= Theater Breaking Through Barriers =

Theater company in New York City, U.S.

Theater Breaking Through Barriers (TBTB), formerly Theater By the Blind, is an inclusive theater company in New York City that strives develop the talents of individuals with disabilities for work onstage, backstage, in the office and in the audience. It was founded in 1979 by Ike Schambelan(who died of cancer in 2015), with sighted actors recording plays for the blind. The theater then moved to performances for the blind and then blind performances for the sighted. They recently began doing a short play festival each year.

==Crystal Clear==
Crystal Clear by Phil Young opened in 1986 at the Long Wharf Theater's Stage II. The show starred (George Ashiotis) who played a young actor who is gradually going blind from diabetes and his girlfriend who has been blind from birth (Lucia Puccia) . Crystal Clear began as an improvisation on a London pub stage in 1982.

The production had mixed reviews from critics. Mel Gusso said for The New York Times, "It is diagnostic rather than psychologically probing." Another critic said the play was "a wildly unfocused work that tries to cover too vast a terrain" and that it contained "a cornucopia of cliches".

==A Midsummer Night's Dream==
A Midsummer Night's Dream by William Shakespeare staged at the Barrow Group Theater in Manhattan, was the first play by TBTB to feature a character in a wheelchair:

It holds Ann Marie Morelli, an actress playing Hermia, who at first has the attention of one too many men but later finds herself with the attention of one too few. Hermia, as created by Shakespeare, is short, and her rival in love, Helena (Erin O’Leary), is tall. Through the centuries poor Hermia has always taken a verbal beating for her physique, but here it has a different bite.

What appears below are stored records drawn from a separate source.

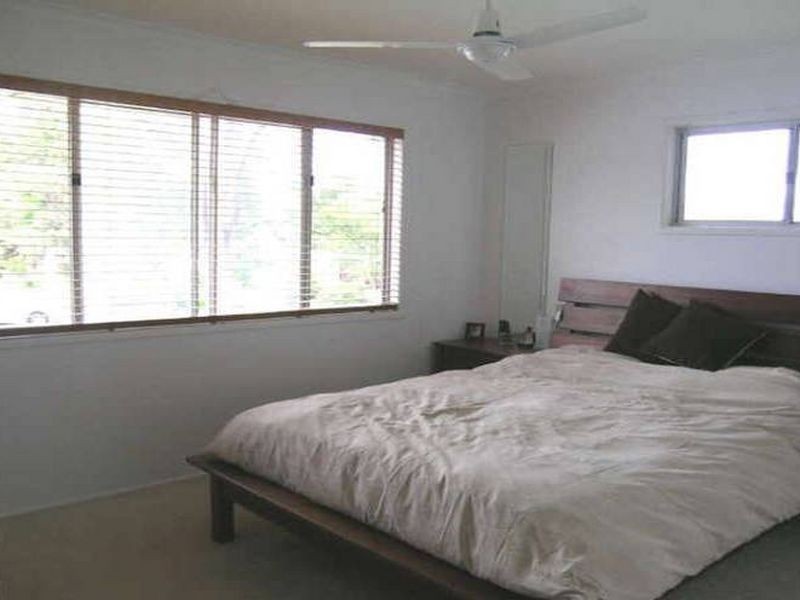 8 Balonne Street, Runcorn QLD 4113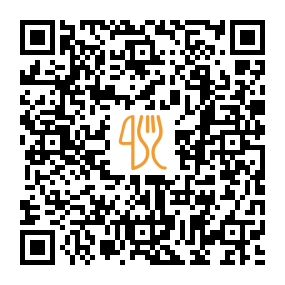 QR-code link către meniul 曼谷小城泰式料理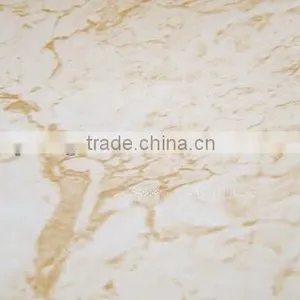 Marble Design Sticker Die Cut Decal Self Adhesive Vinyl M1103 thumbnail-1
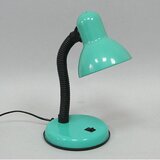  Lampa stona 112118 cene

"Get you gone, you dwarf, you minimus," barks Lysander, who once doted on her. And Hermia herself laments, "My legs can keep no pace with my desires."
— Neil Genzlinger, New York Times

A note in the theater program said, "Increasingly we feel we must include all disabled people [rather than blind people only] in our work." To reflect this shift in thought and philosophy, 2008 saw the company changing its name from Theater By The Blind to Theater Breaking Through Barriers. Productions, such as Romeo & Juliet, closely followed featuring an actor, Gregg Mozgala, with Cerebral Palsy, their first in a subsequent line of productions incorporating actors with various disabilities. In 2020 as a result of the pandemic they presented playwriting intensives and performances via Zoom with captions and audio descriptions.